But in the streaming era, those exclusivity deals have become a major concern for actors. TV seasons have far fewer episodes than they did a decade ago, and there are often longer breaks between seasons. So actors often find themselves forced out of work for extended periods while they wait to hear whether their show has been picked up for another season.

The state of California is considering a bill that would up-end that arrangement. The bill, AB 437, would bar exclusivity agreements for actors. If it passed, the stars of “Stranger Things” could show up on “Euphoria,” so long as the production schedules don’t overlap.

“As long as there’s not a conflict, there really shouldn’t be that kind of restriction,” said Assemblyman Ash Kalra, D-San Jose, the author of the bill. “Artists should be able to work rather than putting the power with the studios.”

The bill is being pushed by SAG-AFTRA, the actors’ union, which has long held that exclusivity deals have become outdated.

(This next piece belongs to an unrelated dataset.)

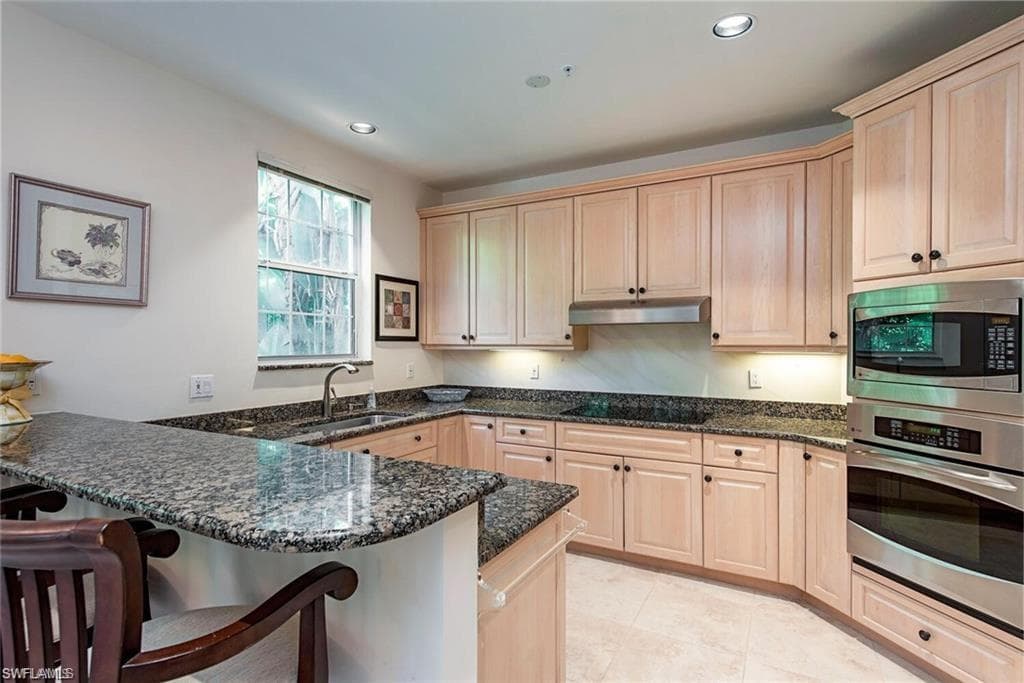 157 Colonade Cir #1002, Naples, photo 3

“We just had longer and longer periods of time where people are being held, not working for their original employer and not being allowed to do anything else,” said Jeffrey P. Bennett, the union’s general counsel. “We said, ‘Look, you need to be able to at least let people go work when you are not working them.'”

But the studios are pushing back, warning that the law could make it difficult to schedule a second season of a show, as actors will be off shooting other things.

“Without the ability to secure the actors’ availability, future seasons of a TV series may be in jeopardy, putting at risk the employment of hundreds of talented and skilled individuals who work behind the camera,” argued Melissa Patack, the industry’s top lobbyist in Sacramento, at a state Senate hearing in June.

Dulé Hill, the actor who has appeared in “The West Wing” and “The Wonder Years,” testified in support of the bill at the same hearing. He said his wife, Jazmyn Simon, had wrapped a streaming series in December 2018, and had to remain out of work for two years before the show’s second season started filming in January 2021.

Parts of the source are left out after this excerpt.